+++ Given records +++

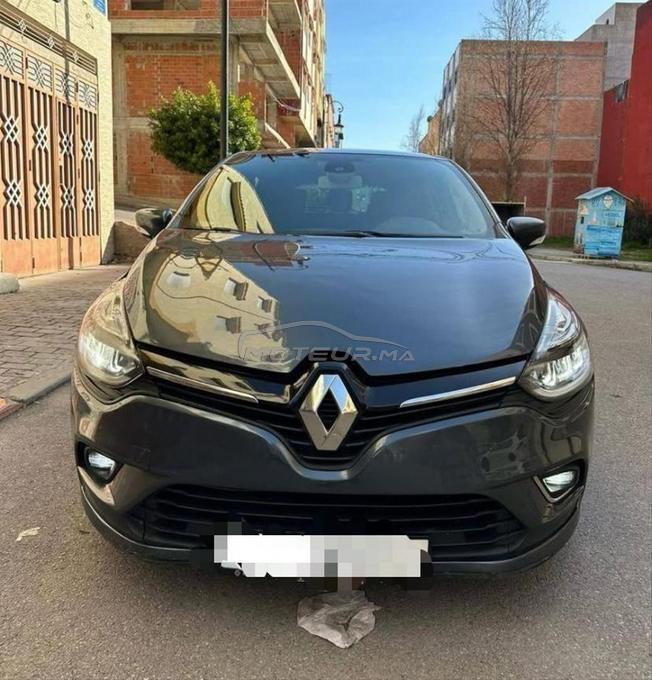 Clio 4 modil 2020 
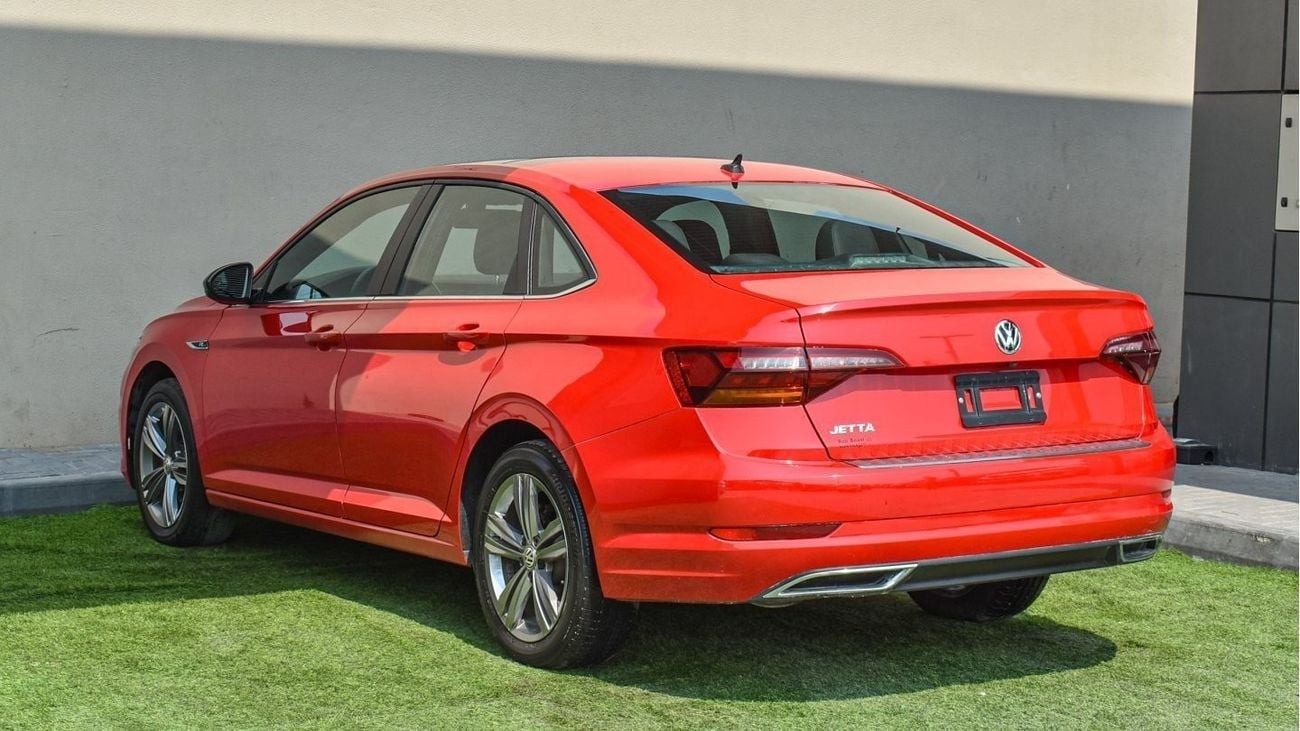 Volkswagen Jetta R Line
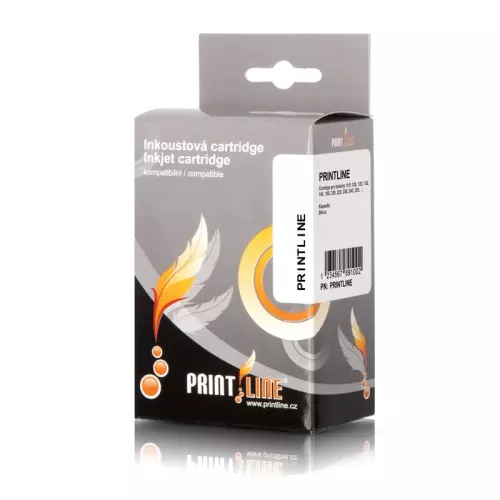 obrázek produktu PRINTLINE Lexmark 100XL (14N1071E), yellow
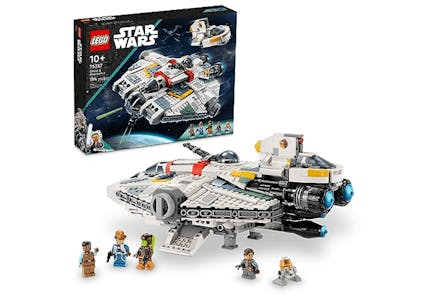 Lego Star Wars Ahsoka Ghost Set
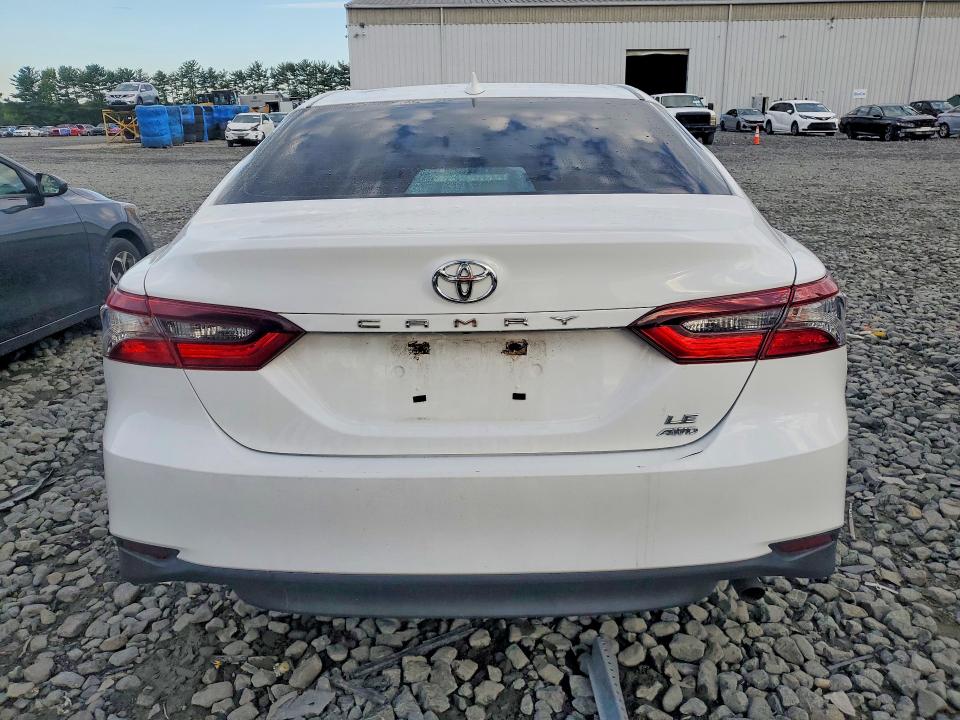 Aukcja sprzedaży 2022 Toyota Camry, vin: 4T1R11BK7NU052147, numer aukcji: 67814856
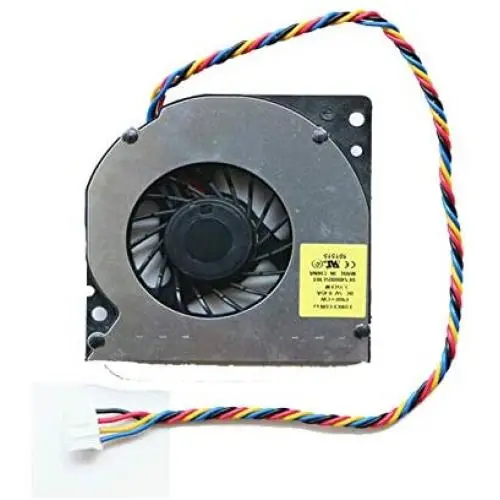 DBParts 5V 0.4A 4Wire Cooling Fan for Lenovo ideaCentre S300 B31r3 B31r4 S500 S700 S756 B300 B305 A4980 Series, for P/N: BSB05505HP BASA5508R5H P001 DF5400805L10T FFTK GB0555PDV1-A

+++

About this exercise:
Please copy the lines above, starting at the one that holds "Lego Star Wars Ahsoka Ghost Set" and stopping after the last line, exactly as they appear and minus the pictures.

Answer box:
 Lego Star Wars Ahsoka Ghost Set
 Aukcja sprzedaży 2022 Toyota Camry, vin: 4T1R11BK7NU052147, numer aukcji: 67814856
 DBParts 5V 0.4A 4Wire Cooling Fan for Lenovo ideaCentre S300 B31r3 B31r4 S500 S700 S756 B300 B305 A4980 Series, for P/N: BSB05505HP BASA5508R5H P001 DF5400805L10T FFTK GB0555PDV1-A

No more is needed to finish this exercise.